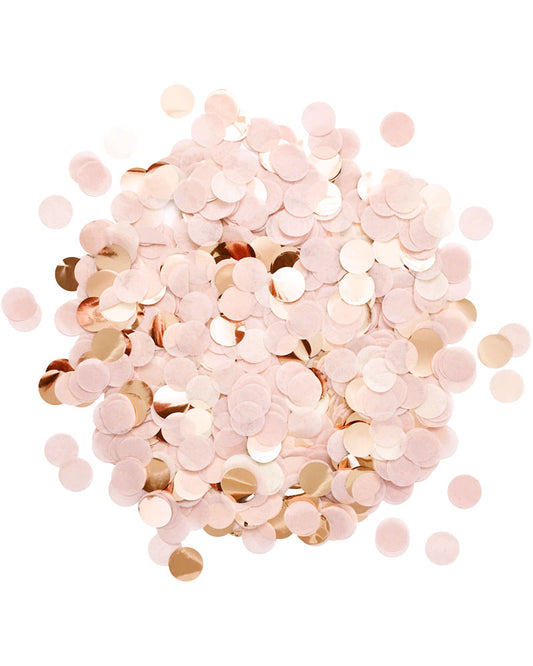 A pile of blush and rose gold 1 inch circle cut paper and mylar confetti. on a white background.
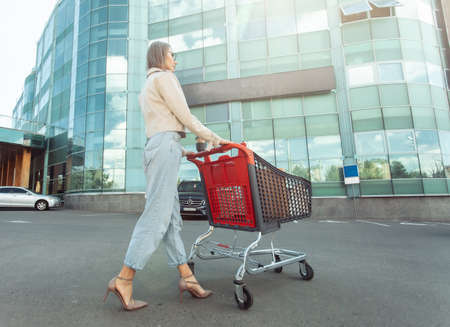 Wide angle of stylish lady with shopping trolley on background of shopping mall. lifestyleの写真素材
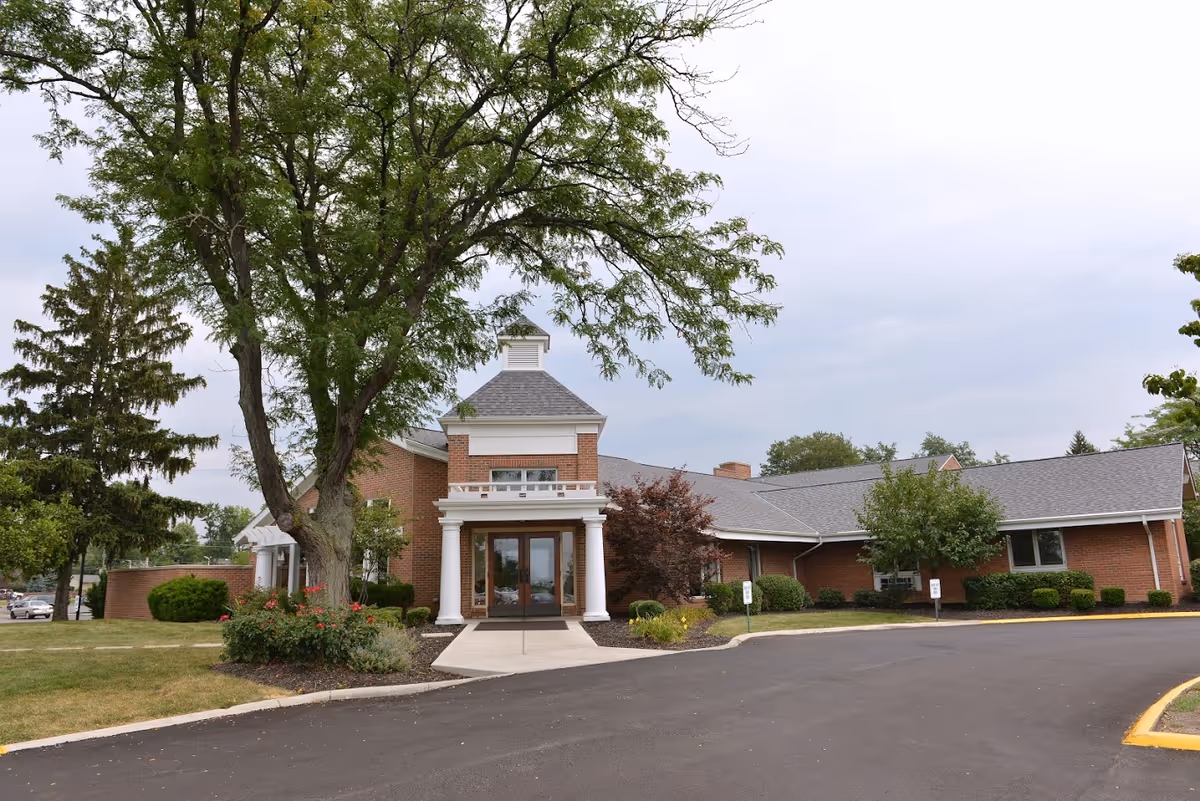 Front exterior view of a single-story brick building with a peaked roof and white columns at the entrance, surrounded by trees and landscaping with a paved driveway in front.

Required action
Copy out every line of the material above precisely, omitting the pictures.

Exercise result
 A pile of blush and rose gold 1 inch circle cut paper and mylar confetti. on a white background.
 Wide angle of stylish lady with shopping trolley on background of shopping mall. lifestyleの写真素材
 Front exterior view of a single-story brick building with a peaked roof and white columns at the entrance, surrounded by trees and landscaping with a paved driveway in front.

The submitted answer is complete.